L’article 7 septies susmentionné offre un fondement juridique pertinent pour introduire un dispositif de sur-péage poids lourds qui porterait essentiellement sur des tronçons des grands axes autoroutiers à péages traversant la France, entre la Belgique et l’Allemagne d’une part, et l’Espagne d’autre part (par Bordeaux-Hendaye et par Montpellier-Perpignan). Ces axes correspondent à des corridors du réseau transeuropéen de transport (RTE-T) identifiés comme prioritaires par la Commission européenne, où l’offre ferroviaire existe mais reste sous-exploitée par rapport à ses capacités réelles. Ces axes autoroutiers sont par ailleurs majoritairement empruntés par des poids lourds sous pavillon étranger, dont la part modale n’a cessé de croître au cours des dernières années et qui se ravitaillent en carburant aux frontières et échappent ainsi à l’accise sur les produits énergétiques.
Ce sur-péage poids lourds, qui représenterait une majoration de 15 % environ, se distingue de l’écotaxe de 2014 dans la mesure où il s’agit d’un dispositif ciblé sur certains tronçons, qui ne nécessite pas d’infrastructures dédiées, comme des portiques. Il constituerait dès à présent un moyen d’appliquer le principe du pollueur-payeur en renforçant la contribution des poids lourds pour compenser les externalités négatives générées par le transport routier. En effet, le transport routier génère un ensemble d’externalités négatives dont le coût pour la société est estimé à 69 milliards d’euros par an, selon une étude du Forum Vie Mobile de juin 2025. L’internalisation d’une partie de ces coûts par les transporteurs routiers permettrait de rétablir des conditions de concurrence plus équitables entre les modes et de laisser aux donneurs d’ordre le choix quant au mode de transport, éclairé par le signal prix.
Par ailleurs, ce dispositif pollueur-payeur est nécessaire dans un contexte où le transport routier constitue le principal mode d’acheminement des marchandises en France, représentant près de 89 % du volume total en 2023. Ce secteur est ainsi l’un des plus importants contributeurs aux émissions nationales de gaz à effet de serre, avec une part de 13 %. Afin de verdir le transport de marchandises, la troisième Stratégie nationale bas-carbone fixe l’objectif de doubler la part modale du fret ferroviaire d’ici 2030. Cet objectif, fixé à 18 %, apparaît réaliste au regard de la moyenne européenne, qui s’élevait à 17 % en 2024.

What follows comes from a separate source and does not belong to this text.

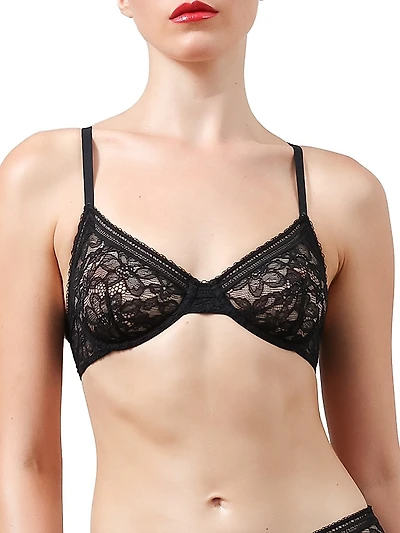 Graphic Lace Underwire Demi Bra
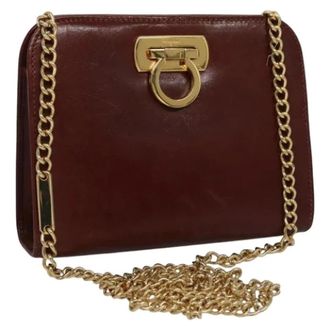 Ferragamo Pre-owned Schoudertas - Dames - Pre-owned - Bruin - Maat: ONE Size Leer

Au total, l’introduction de ce dispositif pourrait permettre de dégager environ 400 M € de ressources supplémentaires par an pour financer des investissements ferroviaires, en particulier sur les tronçons transfrontaliers. Ces ressources nouvelles constitueraient un apport significatif pour répondre aux besoins de financement des infrastructures de transport, identifiés par la conférence Ambition France Transport, qui s’élèvent à 3 milliards d’euros supplémentaires par an.